----- Dataset excerpts -----
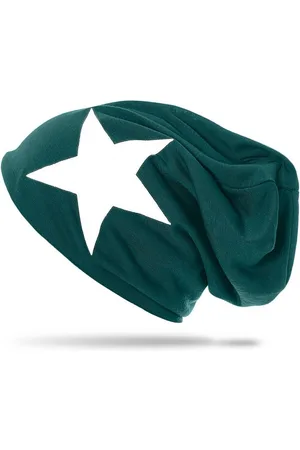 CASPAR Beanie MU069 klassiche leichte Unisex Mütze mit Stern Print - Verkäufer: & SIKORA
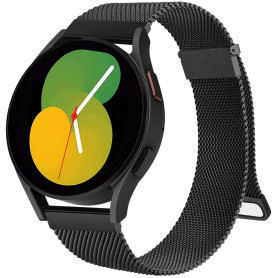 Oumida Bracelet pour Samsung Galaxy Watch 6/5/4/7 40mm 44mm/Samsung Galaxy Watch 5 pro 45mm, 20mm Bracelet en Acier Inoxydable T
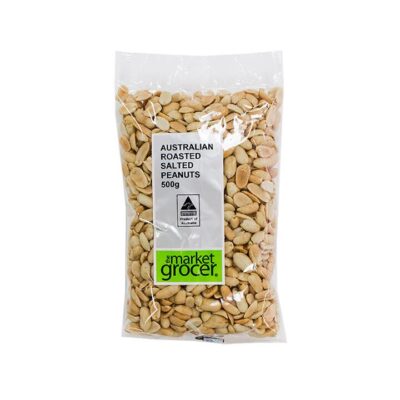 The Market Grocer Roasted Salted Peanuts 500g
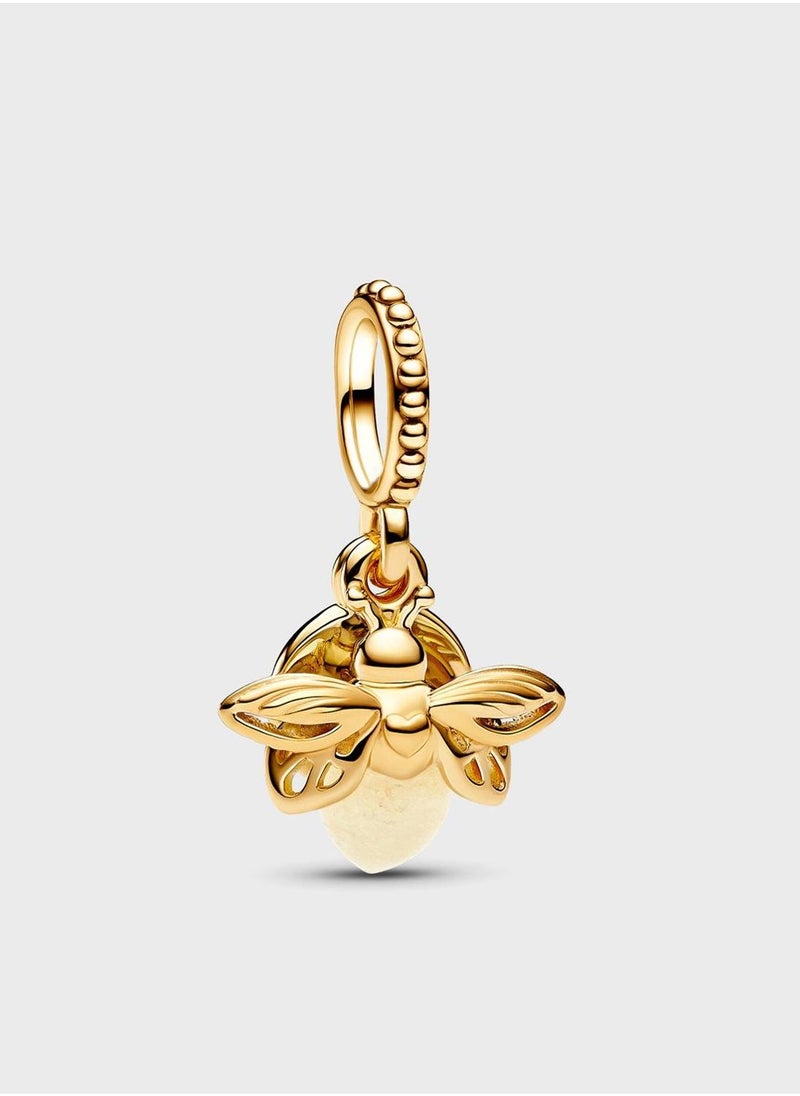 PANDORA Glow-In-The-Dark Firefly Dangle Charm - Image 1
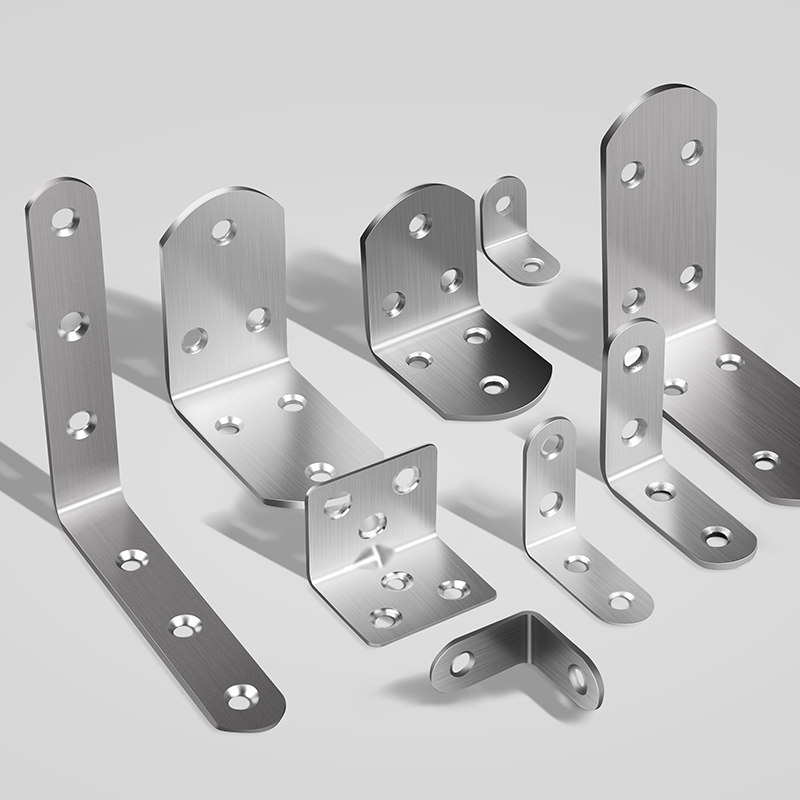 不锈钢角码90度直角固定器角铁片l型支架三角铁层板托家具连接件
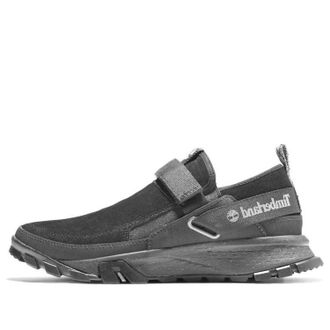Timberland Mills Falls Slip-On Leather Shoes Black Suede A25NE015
-----
> Assignment:
The required output is an exact copy of the lines from the one with "不锈钢角码90度直角固定器角铁片l型支架三角铁层板托家具连接件" through the final line of the data above, with pictures removed.

> Solution to this task:
 不锈钢角码90度直角固定器角铁片l型支架三角铁层板托家具连接件
Timberland Mills Falls Slip-On Leather Shoes Black Suede A25NE015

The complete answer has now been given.